Multi-Agent Training¶
In multi-agent reinforcement learning, multiple agents are trained to act in the same environment in both co-operative and competitive scenarios. With AgileRL, agents can be trained to act in multi-agent environments using our implementation of several multi-agent algorithms alongside Evolutionary Hyperparameter Optimisation.
Algorithms |
Tutorials |
|---|---|
Formulation¶
AgileRL builds on the PettingZoo framework for multi-agent environments. In this framework, each agent is identified by a unique ID, and the environment
is defined by a set of agents. Multi-agent algorithms in AgileRL have an agent_ids argument which should be passed in from the possible agents in the environment, alongside the lists of
observation_spaces and action_spaces, whereby the space at index i is the observation/action space for the agent with ID agent_ids[i].
Agent Definitions¶
In AgileRL we also follow the convention that agent IDs should be formatted by their homogeneity as <group_id>_<agent_idx>. For example, if we have a multi-agent setting with agents
[bob_0, bob_1, fred_0, fred_1], the assumption is that the agents with the same prefix (or group_id) as separated by _ are homogeneous (i.e. have the same observation space and are
interchangeable). This allows us to automatically create centralized policies where suitable (please refer to IPPO for more details).
Vectorised Environments¶
We implement our own wrapper to vectorise multi-agent environments through the AsyncPettingZooVecEnv class, which
contains a shared memory buffer. In order to create a vectorised environment, users can also make use of the make_multi_agent_vect_envs()
function.
from pettingzoo.mpe import simple_speaker_listener_v4
from agilerl.utils.utils import make_multi_agent_vect_envs
# Define the environment
def make_env():
return simple_speaker_listener_v4.parallel_env(continuous_actions=True)
# Vectorise the environment
env = make_multi_agent_vect_envs(make_env, num_envs=8)
Configuring Network Architectures¶
Network architectures in multi-agent settings are configured in the same way as single-agent settings through the net_config argument of an algorithm. The main
difference lies in the ability to pass this in as a nested dictionary including the configurations for individual agents or groups of agents that are homogeneous.
In other words, instead of passing in net_config as the arguments to an individual EvolvableNetwork, users can choose to pass the configurations to the networks
of different agents / agent groups in an algorithm.

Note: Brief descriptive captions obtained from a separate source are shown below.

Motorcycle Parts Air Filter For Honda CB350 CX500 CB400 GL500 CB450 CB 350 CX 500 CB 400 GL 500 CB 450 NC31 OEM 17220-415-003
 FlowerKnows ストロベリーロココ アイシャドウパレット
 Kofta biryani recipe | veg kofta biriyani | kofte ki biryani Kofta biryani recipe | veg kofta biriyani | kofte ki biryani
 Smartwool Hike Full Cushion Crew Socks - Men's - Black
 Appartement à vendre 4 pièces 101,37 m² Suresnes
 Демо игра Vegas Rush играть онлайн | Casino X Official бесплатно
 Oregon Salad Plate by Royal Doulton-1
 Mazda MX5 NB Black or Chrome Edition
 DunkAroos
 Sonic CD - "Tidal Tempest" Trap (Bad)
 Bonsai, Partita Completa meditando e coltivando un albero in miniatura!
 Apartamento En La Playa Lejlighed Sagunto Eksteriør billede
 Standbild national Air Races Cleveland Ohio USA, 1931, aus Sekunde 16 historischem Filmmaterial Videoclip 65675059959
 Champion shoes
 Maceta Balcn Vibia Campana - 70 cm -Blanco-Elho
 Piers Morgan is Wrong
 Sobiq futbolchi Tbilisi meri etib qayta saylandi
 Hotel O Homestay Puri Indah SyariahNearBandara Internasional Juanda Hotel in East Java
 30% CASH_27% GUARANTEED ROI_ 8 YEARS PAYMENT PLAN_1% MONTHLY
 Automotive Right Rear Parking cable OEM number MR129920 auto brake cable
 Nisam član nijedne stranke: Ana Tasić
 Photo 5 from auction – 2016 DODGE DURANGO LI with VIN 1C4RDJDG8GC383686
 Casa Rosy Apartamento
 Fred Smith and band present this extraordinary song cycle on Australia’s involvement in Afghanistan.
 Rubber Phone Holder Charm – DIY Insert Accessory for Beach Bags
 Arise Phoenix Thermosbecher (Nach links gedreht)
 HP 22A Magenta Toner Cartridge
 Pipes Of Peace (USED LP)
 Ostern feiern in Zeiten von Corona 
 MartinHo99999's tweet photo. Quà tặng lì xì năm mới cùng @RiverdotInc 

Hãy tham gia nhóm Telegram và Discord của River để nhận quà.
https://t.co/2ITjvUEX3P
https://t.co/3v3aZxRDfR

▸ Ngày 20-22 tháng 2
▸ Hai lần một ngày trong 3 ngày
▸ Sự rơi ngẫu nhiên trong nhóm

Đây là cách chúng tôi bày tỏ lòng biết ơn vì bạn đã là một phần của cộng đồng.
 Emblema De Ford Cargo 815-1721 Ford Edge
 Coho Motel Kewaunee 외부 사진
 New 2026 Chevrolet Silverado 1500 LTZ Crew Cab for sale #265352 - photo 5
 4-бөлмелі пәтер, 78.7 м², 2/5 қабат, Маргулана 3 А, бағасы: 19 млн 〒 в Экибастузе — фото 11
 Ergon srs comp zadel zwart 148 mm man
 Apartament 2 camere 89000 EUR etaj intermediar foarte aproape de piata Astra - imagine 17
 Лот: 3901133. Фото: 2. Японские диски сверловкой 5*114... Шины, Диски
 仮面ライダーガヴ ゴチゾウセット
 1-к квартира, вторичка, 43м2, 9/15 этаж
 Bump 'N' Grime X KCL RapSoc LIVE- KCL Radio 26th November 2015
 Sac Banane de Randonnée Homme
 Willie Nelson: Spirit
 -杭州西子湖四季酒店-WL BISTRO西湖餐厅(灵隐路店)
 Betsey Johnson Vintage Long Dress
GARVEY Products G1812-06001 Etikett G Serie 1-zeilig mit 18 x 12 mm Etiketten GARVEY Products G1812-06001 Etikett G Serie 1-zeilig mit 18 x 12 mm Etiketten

If we have a setting with the following possible agents with their respective observation and action spaces:
Environment definition
from gymnasium.spaces import Box, Discrete
agent_ids = ["bob_0", "bob_1", "fred_0", "fred_1"]
observation_spaces = [
Box(low=-1, high=1, shape=(16,)), # bob_0
Box(low=-1, high=1, shape=(16,)), # bob_1
Box(low=-1, high=1, shape=(32,)), # fred_0
Box(low=-1, high=1, shape=(32,)), # fred_1
]
action_spaces = [
Discrete(2), # bob_0
Discrete(2), # bob_1
Discrete(2), # fred_0
Discrete(2), # fred_1
]
We could specify the architecture for individual agents as follows in a yaml file:
Configuring architectures for individual agents
bob_0:
latent_dim: 32
encoder_config:
hidden_size: [32]
activation: ReLU
head_config:
hidden_size: [32]
bob_1:
latent_dim: 32
encoder_config:
hidden_size: [64, 64]
activation: ReLU
head_config:
hidden_size: [32]
fred_0:
latent_dim: 32
encoder_config:
hidden_size: [64, 64]
activation: ReLU
head_config:
hidden_size: [32]
fred_1:
latent_dim: 32
encoder_config:
hidden_size: [64, 64]
activation: ReLU
head_config:
hidden_size: [32]
Alternatively, we could specify the architectures for homogeneous agents as a group:
Configuring architectures for homogeneous agents
bob:
latent_dim: 32
encoder_config:
hidden_size: [32]
activation: ReLU
head_config:
hidden_size: [32]
fred:
latent_dim: 32
encoder_config:
hidden_size: [64, 64]
activation: ReLU
head_config:
hidden_size: [32]
In simple situations where all agents can use the same architecture (i.e. require the same encoder type to process observations), we can also pass a single-level
net_config like in single-agent settings. In the above example, since all observations can be processed using an EvolvableMLP network, we could pass the
following which would assign the same network architecture to all agents:
Configuring a single network architecture for all agents
latent_dim: 32
encoder_config:
hidden_size: [32]
activation: ReLU
head_config:
hidden_size: [32]
Parameter Sharing¶
It is common in multi-agent settings to require centralized policies for groups of homogeneous agents during training for scalability, since the number of trainable parameters
can increase significantly with the number of agents. In this manner, we obtain a more sample efficient training process. Currently, AgileRL only includes the
IPPO algorithm which supports this. In such cases, we restrict users to pass in network configurations to the groups directly. For the
setting described above, we could only use the latter configuration.
Asynchronous Agents¶
We often encounter settings where agents don’t act simultaneously, but rather do so asynchronously in turns or with different frequencies. AgileRL follows
the convention that such environments only return observations for agents that should act in the following timestep. To handle these scenarios, we’ve implemented the
AsyncAgentsWrapper class, which automatically processes observations and actions to be compatible with
AsyncPettingZooVecEnv.
Evolutionary Hyperparameter Optimisation¶
To perform evolutionary HPO, we require a population of agents. Individuals in this population will share experiences but learn individually, allowing us to determine the efficacy of certain hyperparameters. Individual agents which learn best are more likely to survive until the next generation, and so their hyperparameters are more likely to remain present in the population. The sequence of evolution (tournament selection followed by mutation) is detailed further below. At present, evolutionary hyper-parameter tuning is only compatible with cooperative multi-agent environments.
Off-Policy Training¶
Similarly to single-agent settings, off-policy learning in multi-agent settings involves learning a target policy from data generated by a behaviour policy. AgileRL
currently includes implementations of MADDPG and MATD3.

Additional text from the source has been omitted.